### EXERCISE DIRECTIONS
Using the material below, repeat exactly the lines from the one with "Building Photo - 8385" through the one with "SERVICE image 2", ends included, without any images.

──────────

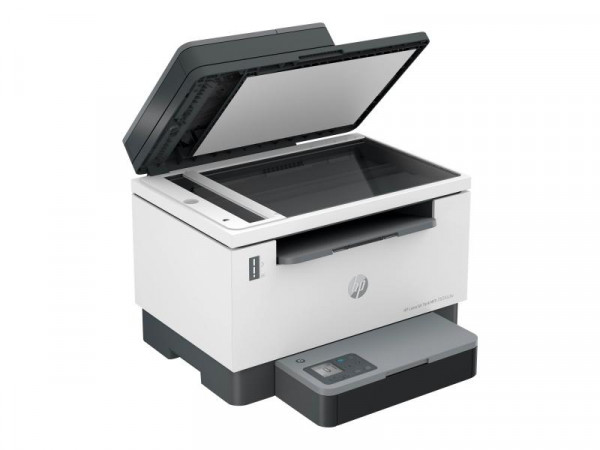 HP LaserJet Tank MFP 2604sdw 3-in-1 381V1A#B19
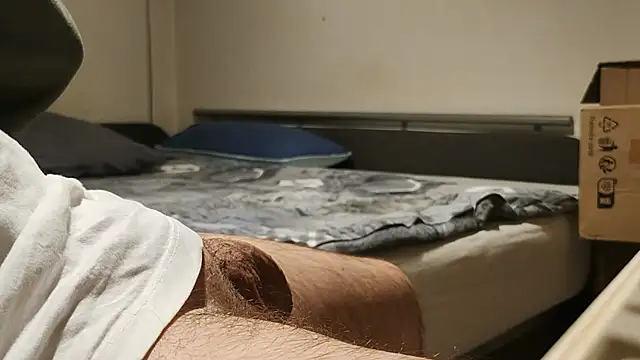 Alphapimmelchen's cam snapshot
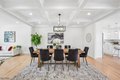 Additional image 10 of 107 Pleasantview Ave, New Providence, NJ, 07974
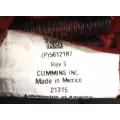 Cummins X15 Wire Harness, Transmission thumbnail 6
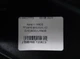 Капот LANOS TF69Y0-8402020-05 DAEWOO LANOS - изображение 3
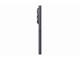 Смартфони Samsung Galaxy Z Fold8 Ultra - 12GB RAM / 512GB, Graphite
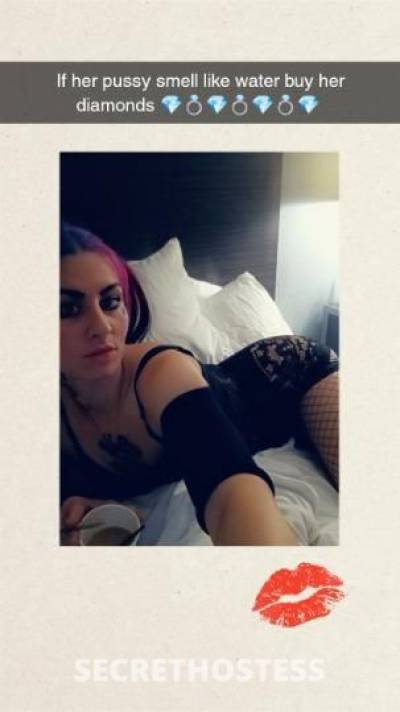 Harley 30Yrs Old Escort South Jersey NJ Image - 8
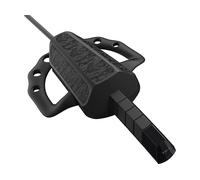 GIOTECK TX-1 CUFFIE, Nero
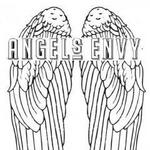 Angel's Envy Distillery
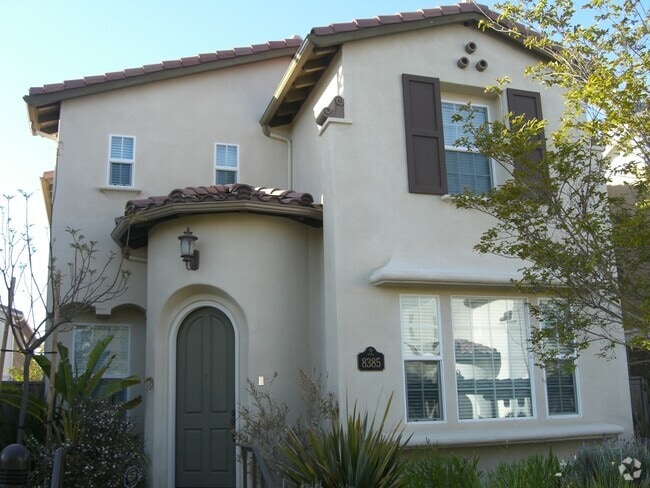 Building Photo - 8385 Katherine Claire Ln Rental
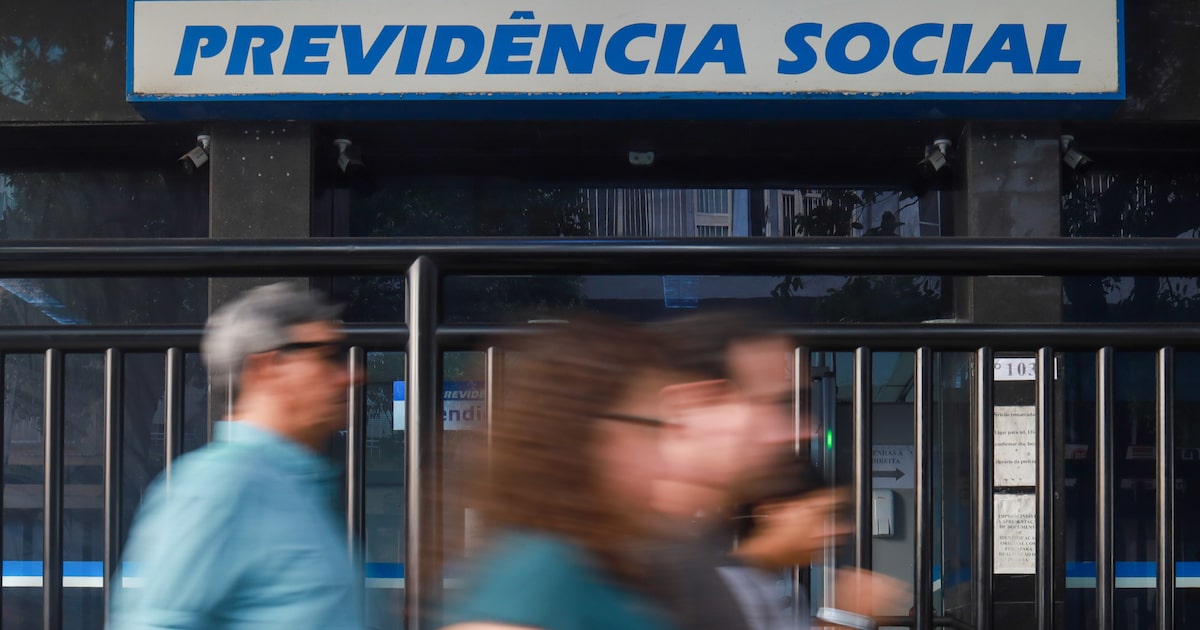 Escândalo no INSS: AGU aciona STF para reaver bilhões desviados de aposentados e exige mudanças na meta fiscal! 1 6B3E5GIWHREXFIGIPU7QP7GIR4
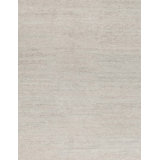 One-of-a-Kind 7'10" x 9'9" Area Rug
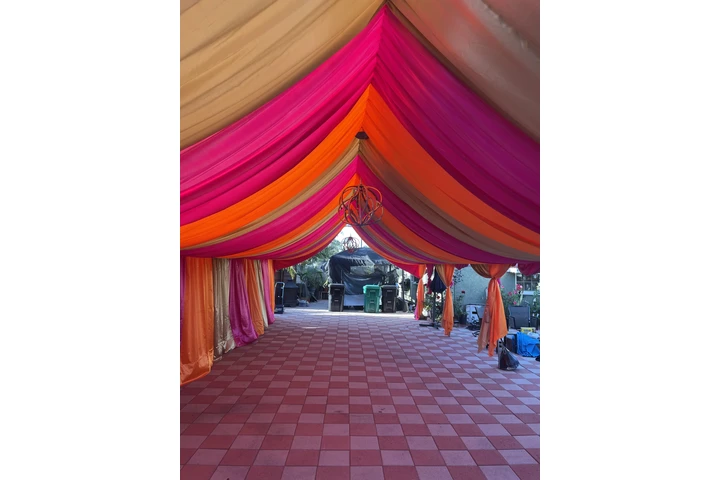 $100 : LUIS JUMPER SERVICE image 2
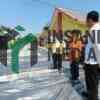 Pemkab Blitar Genjot Infrastruktur Blitar Utara, Jalan di Desa Candirejo–Sidorejo Ponggok Diperbaiki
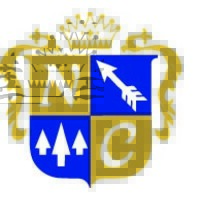Northwood Club Logo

──────────

### WORKED SOLUTION
 Building Photo - 8385 Katherine Claire Ln Rental
 Escândalo no INSS: AGU aciona STF para reaver bilhões desviados de aposentados e exige mudanças na meta fiscal! 1 6B3E5GIWHREXFIGIPU7QP7GIR4
 One-of-a-Kind 7'10" x 9'9" Area Rug
 $100 : LUIS JUMPER SERVICE image 2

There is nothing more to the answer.